Le capitulant lui lança un regard par-dessus l’épaule, à la suite duquel le Juif se retira en toussant et alla se jucher sur son siège, où il tournait le dos à la société. Pendant quelque temps, on le vit brandiller les jambes en comptant à haute voix, puis il fit sa prière et finit par s’endormir. Le bruit de ses talons, qui frappaient contre le bois, avait éveillé le chien, qui vint me sentir en étirant paresseusement ses jambes de derrière ; il alla ensuite examiner le traîneau, flaira les chevaux, et, comme ils penchèrent leurs têtes vers lui, il se mit à lécher le givre de leurs bouches en remuant la queue avec un petit gémissement amical. Ensuite il leva le nez, s’approcha du Juif, le sentit, se retourna immédiatement et leva la jambe, puis il revint, éternua en reniflant l’air froid, et se recoucha près du feu, le nez dans la cendre.

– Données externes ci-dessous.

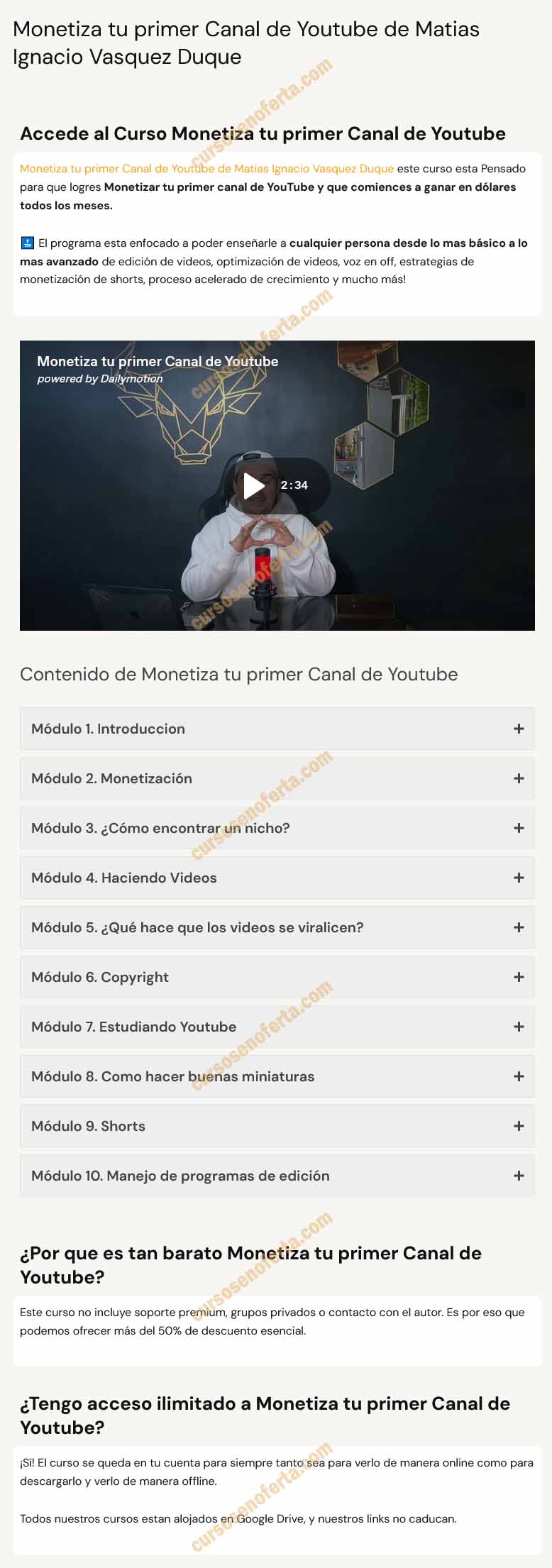 Monetiza tu primer Canal de Youtube - matias vasquez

— Attention ! cria tout à coup le paysan qui montait la garde au coin du bois, voici quelqu’un qui court dans la neige.

Tout le monde regarda dans la direction qu’il nous indiquait, le capitulant seul ne bougea point.

— Ce n’est pas la peine de vous déranger, dit-il avec un sourire ; c’est une vieille connaissance.

— Ah ! c’est Kolanko ; dit l’homme de carton d’un ton larmoyant et en se grattant l’oreille.

— Celui-là nous manquait encore ! s’écria ce petit effronté de Your, les bras croisés sur la poitrine.